6 メガネとイケメンー1
「雅人、ご飯食べよ」
「あぁ、うん」
昼休みに華恋が席へと近付いて来る。ナプキンに包まれた弁当箱を携えて。
「ここで食べる? それかどっか行く?」
「中庭に行こう。先にベンチ確保してて。飲み物買って行くから」
「ん、了解」
椅子から立ち上がると廊下へ移動。下駄箱で靴に履き替えた所で一旦別れた。
「はい」
「サンキュー」
先にベンチに座っていた彼女にペットボトルを渡す。隣に腰掛けながら。
「また同じの買ってきてる。どうして2本とも一緒の銘柄なのよ」
「だってそうしないと僕のまで飲もうとするじゃないか」
「別々の買えば一度に2種類の味が楽しめるじゃないの。お茶とコーラとか、スポーツ飲料水と水とか」
「だからだよ」
身内とはいえ飲み物を共有するような真似はしたくない。なので毎回同じ物を2本買っていた。

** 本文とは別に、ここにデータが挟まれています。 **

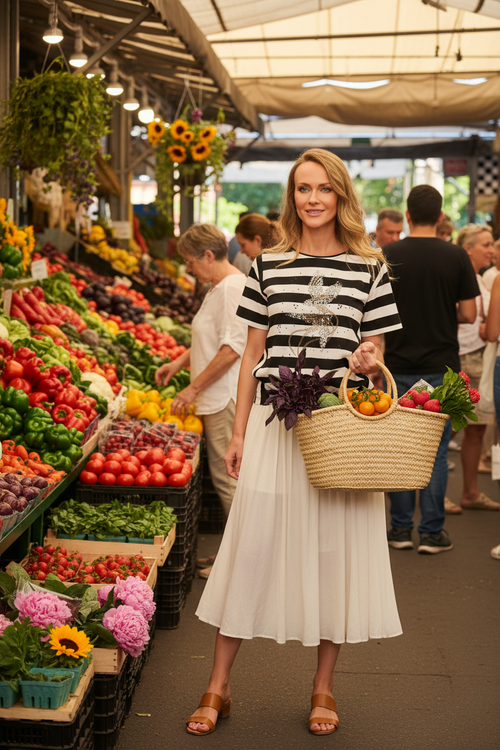 4. Marché Jean-Talon été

「ん~、良い天気。やっぱりこういう時は外で食べるに限るわね」
「今の時季は良いけど夏場は地獄だよ。直射日光に耐えられなさそう」
「確かに。これでもかっていうぐらい汗だくになるわ」
2人して顔を見合わせて笑う。長閑な昼下がりを堪能するように。
「じゃあ食べよっか」
「あ、うん」
3年生になってからの昼食は毎日彼女か母親の手作り弁当。だから一度も学食のメニューを口にしていなかった。
「ほい」
「ん、いつも悪いね」
「そう思ってんならたまには恩返ししなさいよ。さり気なく頬にキスしてくれるとかさ」
「……あぁ、今日も美味しそうだなぁ」
紺色の箱を受け取ると蓋を開ける。聞こえてくる戯れ言を無視して。
「いただきま~す」
「ちっ…」
校舎を眺めながら卵焼きを口に入れた。チーズ入りの特別版を。
「ねぇ、今度一緒にカラオケ行かない?」
「ん? どうして?」
「雅人の歌声聴いてみたい」
「別に良いけど、あんまり上手くはないよ」
「あれ? 意外。拒否するかと思ったのに」
「カラオケはたまに行くからね。良いストレス発散にもなるし」
「ふ~ん」
他愛ない会話をしながら昼休みを過ごす。今のクラスになってからずっとこの繰り返し。お弁当を持って中庭やら校庭脇に出没。華恋のおかげでぼっちにならずに済んでいた。
「ん? どうしたの?」
「い、いや…」
ただそこに甘えて友達を作ろうとしていなかったのも事実。しかも彼女とは性別が違うので別の問題が発生。
男女が一緒にいれば誰であろうともその関係性を疑うであろう。登下校も行動を共にしているから尚更だった。
「美味しい?」
「うん。絶品」
「え? べっぴん? やだもう、恥ずかしい」
「……聴覚どうなってるの」
自分達が噂になっている事は把握している。従兄妹という情報を知っているのは去年のクラスメートだけなので。
「一個聞いていい?」
「何?」
「いつも2人でご飯食べてるけどさ、たまには違う人とお喋りしたいとか思わない?」
「思わない」
「そ、そうですか…」
嬉しいやら恥ずかしいやら。返ってきた予想通りの答えに照れくさくなった。
「何でそんな事聞くの? 私と一緒にご飯食べるの嫌なの?」
「そうじゃなくて女の子同士で過ごしたいとか思わないのかなぁって」
「あぁ……たまに考えるかな。女同士でくだけた話をしたくなる時はあるわよ」
「ならどうして今のクラスで友達作ろとしないのさ?」
「面倒くさくない? わざわざ新しい友達作るとか」
「いや、そうだけど仲良く出来る人がたくさんいたら嬉しいじゃん?」
「ん~…」
彼女が箸を動かす手を止める。そのまま首を寝かせて視線を頭上に向けた。
「同じクラスに雅人がいなかったら作ってたかな。さすがに教室で孤立するのは嫌だし」
「じゃあ僕が学校休んだらヤバいじゃん。昼休みとかどうするのさ」
「その時は私も休むから大丈夫」
「ダメだよ、それ…」
何やら自信満々に宣言しているが完全にズル休み。しかも2人揃って欠席したら益々誤解が進んでしまうハズだ。